The latest figures from the Eurostat statistics office confirm that the continent’s deepening economic recession is taking a rising toll on jobs and living standards.
The Eurostat agency declared Tuesday that unemployment in the 17 nation euro zone rose in February to 12 percent, compared to the original figure for January of 11.9 percent. The January figure was retrospectively revised upwards to 12 percent and it is likely that the latest figures will follow the same pattern. The current figures, for example, do not include the repercussions for the European labour market of the most recent economic and banking crisis in Cyprus.
The 12 percent figure is the highest since the founding of the euro zone and is already close to the peak of 12.2 percent predicted by the European Union for 2013. In the full 27-member EU unemployment in February rose to 10.9 percent from 10.8 percent, with over 26 million out of work. Unemployment in Europe has now risen consecutively for the last 22 months.
The bland statistics conceal a mounting social crisis and misery for millions of families across Europe. Soaring unemployment is a massive indictment of the polices of the European Union and all of its supporters, first and foremost the trade unions. Every recent summit of European leaders has begun with pleas by the trade unions for measures to staunch the hemorrhaging of jobs across the continent. In exchange for a measly worded appendage to the summit resolution and a few million euros for jobs programs, the unions then slavishly agree to continue to support their support for the EU’s austerity policies.
The 12 percent total unemployment applies to those who are officially registered and have applied for benefits. It does not include those no longer able to obtain benefits, and also does not include underemployment. The official total is a drastic underestimation of the real problem of unemployment in Europe. Amongst the lowest rates of unemployment in Europe is Germany with an average of 5.4 percent. This figure neglects to take into account, however, that over 7 million Germans are employed in very low wage work and employed informally.
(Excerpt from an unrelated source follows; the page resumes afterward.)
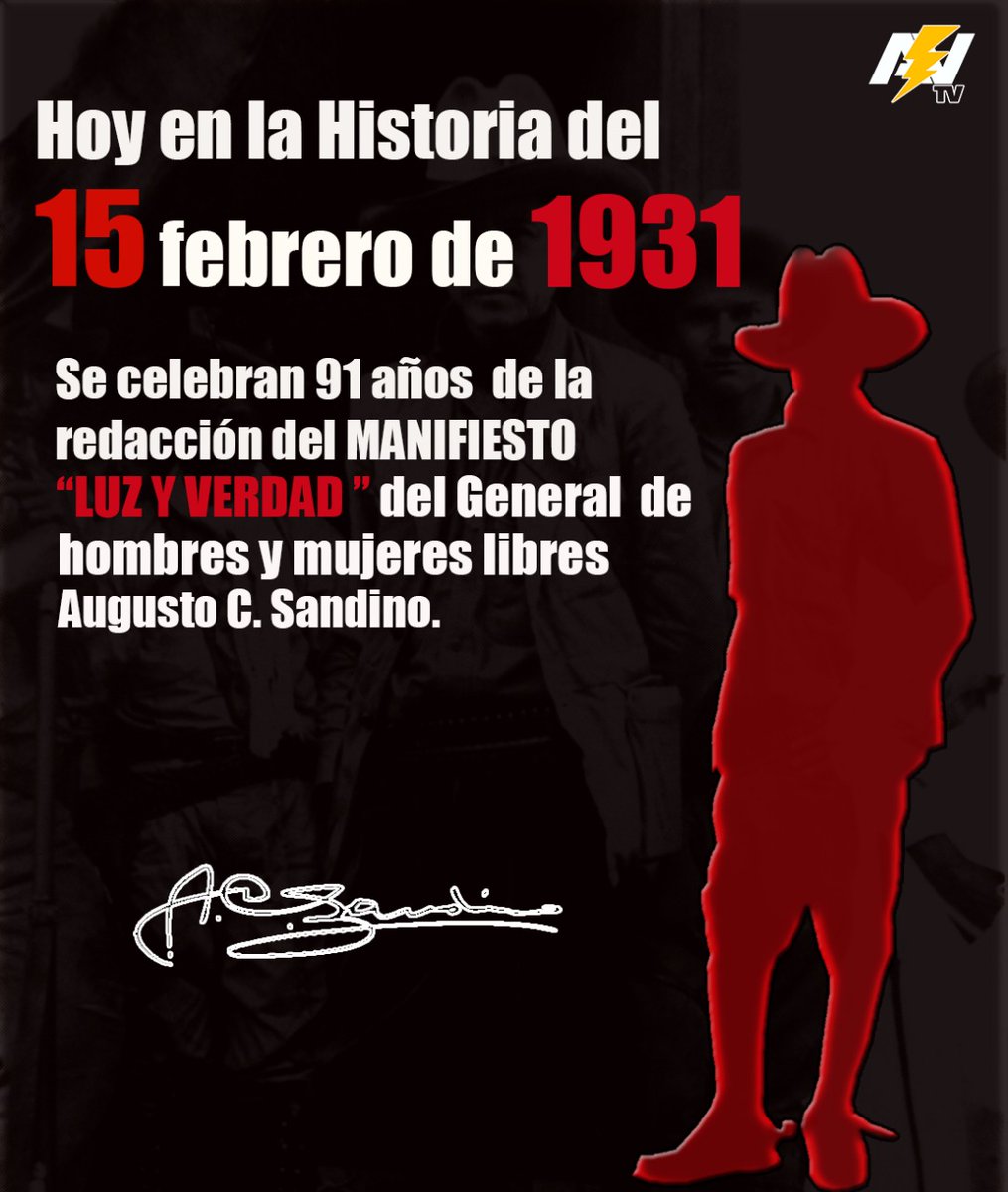 #15DeFebrero  1931: El General Augusto C. Sandino dio a conocer al pueblo nicaragüense, el Manifiesto Luz y Verdad. ✊🏻🔴⚫🇳🇮
#SomosPuebloPresidente #Nicaragua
Leading the Eurostat unemployment tables are those countries which have been subjected to a succession of drastic austerity programs by the troika (European Union, European Central Bank and the International Monetary Fund).
In February, unemployment rates in Spain rose to 26.3 percent and in neighbouring Portugal to 17.5 percent. Greece remains the worst-hit with 26.4 percent, but once again this figure is outdated and stems from last December. Following the latest tranche of austerity measures, the Greek numbers have undoubtedly risen further this year.
Once again those hardest hit by the austerity-driven recession are youth. According to Eurostat, nearly a quarter of all those under the age of 25 are out of work in the euro zone, with only a slightly lower figure (23.5 percent) for the EU as a whole.
Southern European countries lead the table for youth unemployment with well over half of young workers unemployed in Greece (58.4 percent, figure also from December) and Spain (55.7 percent). Portugal is in third place with 38.2 percent, followed by Italy with 37.8 percent. The rate of unemployment amongst youth who are unlikely to find work in the foreseeable future has already led a number of bourgeois commentators to refer to a “lost generation.”
On the same day as the release of the Eurostat statistics a separate analysis demonstrated that the trend towards recession in Europe is deepening. The Markit Eurozone MP Managers Index fell in March to 46.8 points. The index reports employer’s confidence in the economy and any figure under 50 percent is regarded as a pointer towards recession.
The euro zone economy has contracted for the last five quarters and the Markit index, together with the latest employment figures, makes clear that this trend to recession will continue, and is likely to deepen in the course of this year.
While the plague of mass unemployment spreads across the continent, stock markets across Europe had a bumper day on Tuesday. Germany’s DAX index rose by 1.9 percent, the British FTSE 100 index gained 1.2 percent, and the French CAC 40 finished 2 percent higher. Another leading index, the Stoxx Europe 600, jumped 1.3 percent.
Commenting on the stock market gains, financial analyst Nicholas Spiro noted that “the surge in joblessness coupled with this morning’s grim PMI surveys are a glaring example of the extent to which market sentiment towards the euro zone has become detached from economic fundamentals”.
In fact there is no such “disconnect”. The stock markets are celebrating the huge re-division of wealth across the continent which has plunged millions into poverty while a small minority have been able to significantly increase their portfolios.
The growth of inequality in Europe is charted in a separate recent Eurostat study entitled “Population and social conditions.” The author of the study concludes that living standards fell in 15 out of the 27 EU member states in 2010 compared with a year earlier. The steepest fall took place in poorer countries like Bulgaria, Latvia, Greece and Spain with the unemployed and the poorest fifth of society suffering the largest cuts in income.
The study cites the decrease in income in a number of European countries and concludes that a growing number of European families could no longer afford a meal with meat, chicken, fish or a vegetarian equivalent every second day.
While incomes declined on average across the continent, the same study notes that the richest fifth of the population were able to mark up large increases in wealth in a number of European countries.